§ TASK DESCRIPTION
Return each record unchanged and drop the images.

§ DATA LISTING
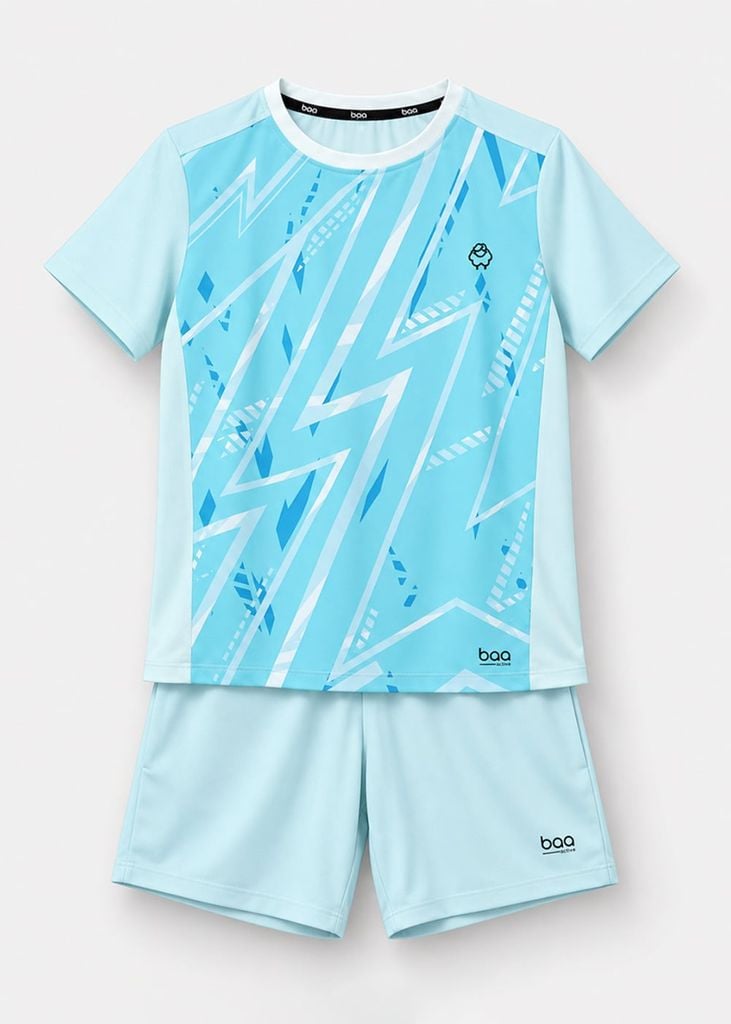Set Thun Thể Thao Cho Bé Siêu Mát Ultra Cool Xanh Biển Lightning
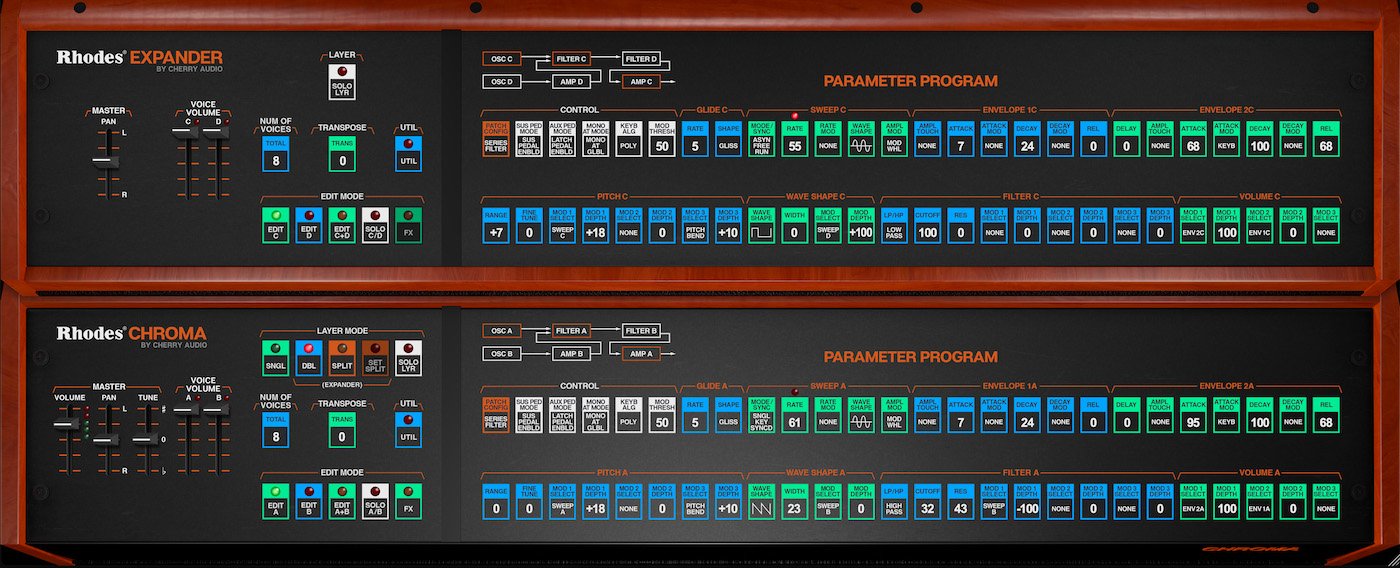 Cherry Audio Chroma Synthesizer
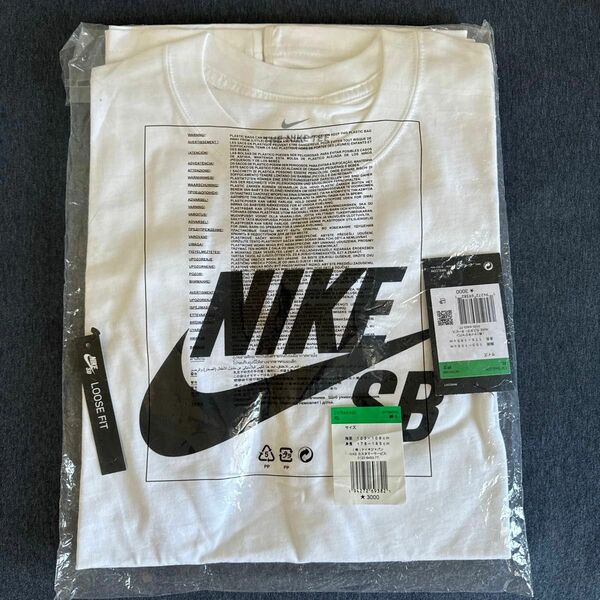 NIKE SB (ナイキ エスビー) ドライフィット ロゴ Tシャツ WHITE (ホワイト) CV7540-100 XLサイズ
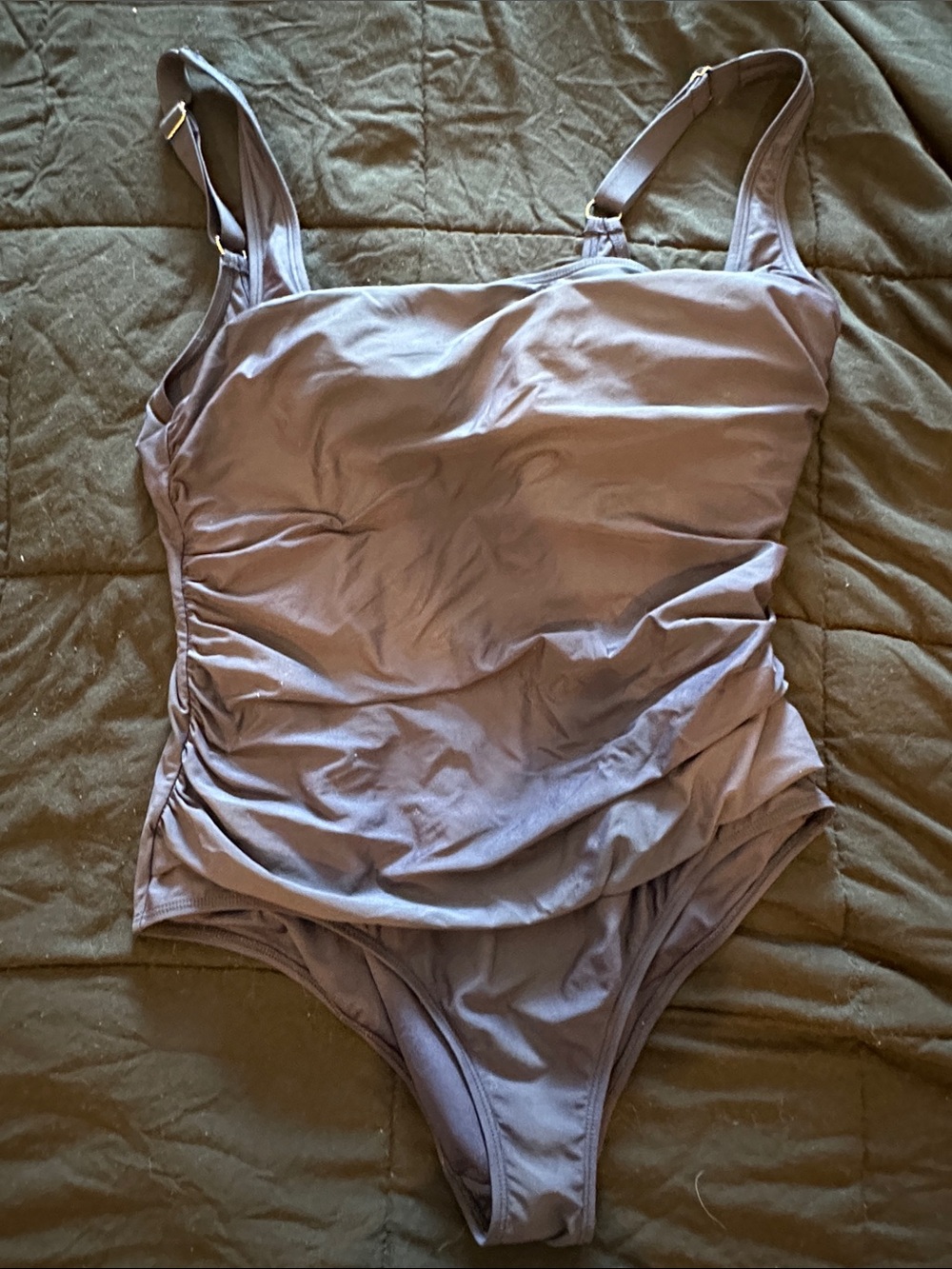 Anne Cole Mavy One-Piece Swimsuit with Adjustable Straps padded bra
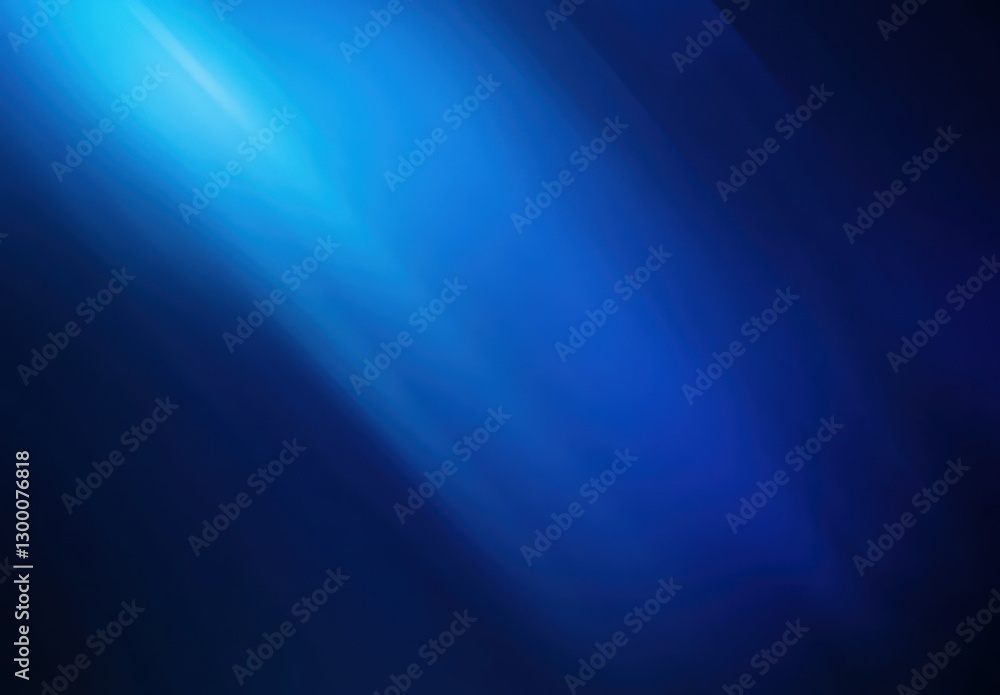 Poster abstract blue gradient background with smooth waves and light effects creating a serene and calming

§ SOLUTION TO THE EXERCISE
Set Thun Thể Thao Cho Bé Siêu Mát Ultra Cool Xanh Biển Lightning
 Cherry Audio Chroma Synthesizer
 NIKE SB (ナイキ エスビー) ドライフィット ロゴ Tシャツ WHITE (ホワイト) CV7540-100 XLサイズ
 Anne Cole Mavy One-Piece Swimsuit with Adjustable Straps padded bra
 Poster abstract blue gradient background with smooth waves and light effects creating a serene and calming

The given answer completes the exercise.